Als die Gemeinde Faßberg beschloss, das alte Schulhaus in Niederohe, das viele Jahre als Atelier gedient hatte, zu verkaufen, stand Anna Jander vor der Frage nach dem Wohin. Weggehen oder bleiben? Sie blieb. Ihre Verbundenheit zu Faßberg und der Gegend drumherum zeigt sich auch dadurch, dass sie sich immer wieder einmischt, wenn ihrer Meinung nach Unrecht geschieht. Sie hat sich im Netzwerk Südheide gegen Rechtsextremismus und Ausländerfeindlichkeit engagiert, und empfindet es als Bereicherung, dass die Gesellschaft auch im ländlichen Raum bunter wird. Selbstverständlich hat sie sich auch im Streit um die Hakenkreuzglocke zu Wort gemeldet: »It's a Shame!« (siehe oben). Ihr gekalktes Schaufenster will sie auch künftig als Sprachrohr nutzen, allerdings nicht nur in politischer, sondern auch in künstlerischer Hinsicht. Mit Videoprojektionen auf die weiße Glasfläche hat sie schon experimentiert. Auch einen Tag der offenen Tür hat es im 2017 eröffneten Atelierhaus schon gegeben. Mit den Leuten draußen ins Gespräch zu kommen, das ist ihr wichtig.
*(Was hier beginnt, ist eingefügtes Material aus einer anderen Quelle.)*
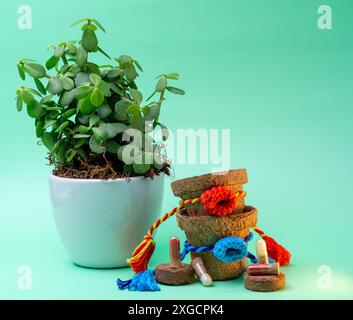 Piantare semi di amore e cura questo Raksha Bandhan Foto Stock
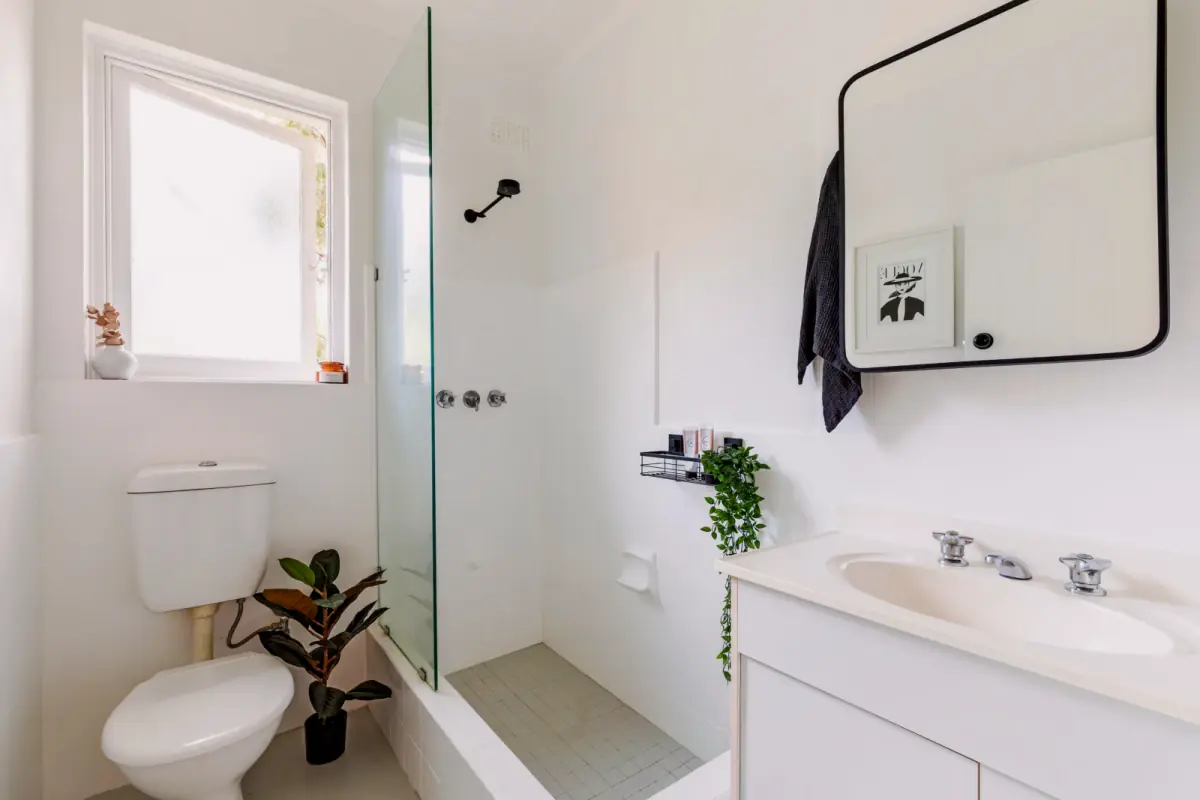 1Bedrooms, 1Bathrooms
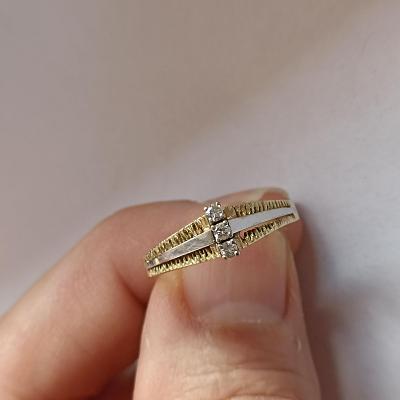 Luxusní 14K zlatý briliantový prsten
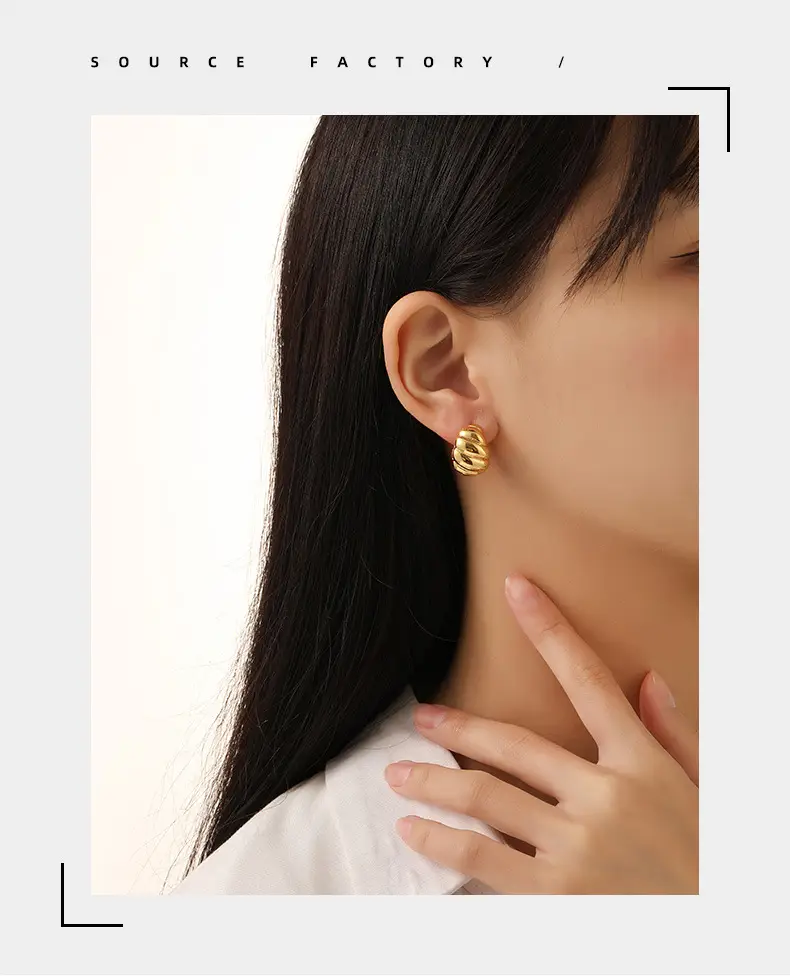 European and American Cold Style Exquisite Metal Glow Face Horns Earrings Earrings High-end Light Luxury Simple Elegant Earrings for Women — feature 5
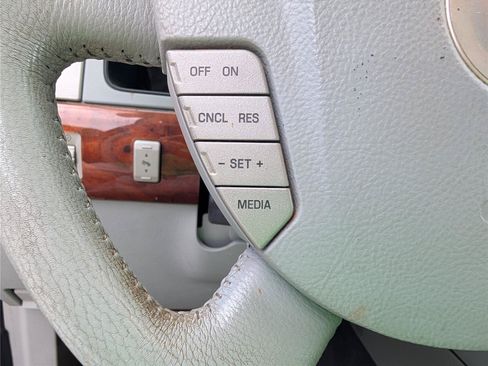Used 2006 Lincoln Navigator Luxury RWD image 24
Von Niederohe aus fährt Anna Jander am liebsten mit dem Fahrrad nach Faßberg. Wenn es mal später wird am Abend, kann sie aber in ihrem Atelierhaus übernachten. Eine schmale, steile Stiege führt vom Badezimmer hinauf unters Dach, wo sie zwischen den Dachschrägen ein kleines Schlafzimmer eingerichtet hat. Auch wenn das Atelierhaus auf drei Ebenen reichlich Platz bietet, musste Anna Jander zusätzlich noch Lagerraum für die großformatigen, bis zu drei Meter breiten Bilder anmieten. Außerdem kann sie vorübergehend die leerstehende Autowerkstatt im Hinterhof nutzen, um dort neue Bilder aufzuhängen, bis die Farben getrocknet sind.
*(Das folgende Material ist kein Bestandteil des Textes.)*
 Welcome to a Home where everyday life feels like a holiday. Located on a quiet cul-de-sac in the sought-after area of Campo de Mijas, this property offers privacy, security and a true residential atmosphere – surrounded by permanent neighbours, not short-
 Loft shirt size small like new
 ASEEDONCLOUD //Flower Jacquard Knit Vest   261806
Zum Abschied zeigt sich sogar die Sonne am Himmel, und draußen sieht es gar nicht mehr so grau und braun aus wie bei der Ankunft vor zweieinhalb Stunden. Auch Flecktarn ist jetzt nicht mehr auf der Straße zu sehen. Die Post hat noch geschlossen. Doch dann unterbricht Zweitaktknattern die Mittagsruhe. Ein weißer Motorroller hält auf dem Parkstreifen. Klaus Jordan, der wieder an einem neuen Buch arbeitet, schaut kurz aus Niederohe vorbei, um Guten Tag zu sagen.

DIE AUSSTELLUNGEN 

Anna Jander: Blow Up 

Der Kunstverein Celle zeigt die Bilder aus dem Blow-­Up­-Zyklus vom 7. Oktober bis 25. November 2018 in der Gotischen Halle im Schloss Celle, Schloßplatz 1. Die Ausstellung wird am Sonntag, 7. Oktober um 11:30 Uhr eröffnet. 

Am Sonntag, 4. November 2018, findet von 11:30 Uhr an eine Matinée mit dem Titel »Echoes« in der Gotischen Halle statt. Ju­liane Baucke, Solohornistin am Staatsorchester in Darmstadt, be­spielt mit dem Alphorn einzelne Bilder und lässt freie Improvisationen entstehen. 

Im Rahmen der Finissage am Sonntag, 25. November 2018, tau­ schen sich von 11:30 Uhr an Giso Westing und Anna Jander über deren neue Werke aus. 

Anna Jander: Wasteland 

Zeitgleich zur »Blow Up«­-Ausstellung im Schloss werden in der Galerie Dr. Jochim im Haesler­Haus am Französischen Garten, Magnusstraße 5, Bilder aus dem »Wasteland«­Zyklus gezeigt (Aus­stellungseröffnung am Sonntag, 7. Oktober, um 13 Uhr). Am Sonnabend, 20. Oktober, findet dort ein Künstlerinnengespräch statt. Anna Jander und Kerstin Niemann tauschen sich von 17 Uhr an über »Wasteland«, Detroit und aktuelles Kunstschaffen aus.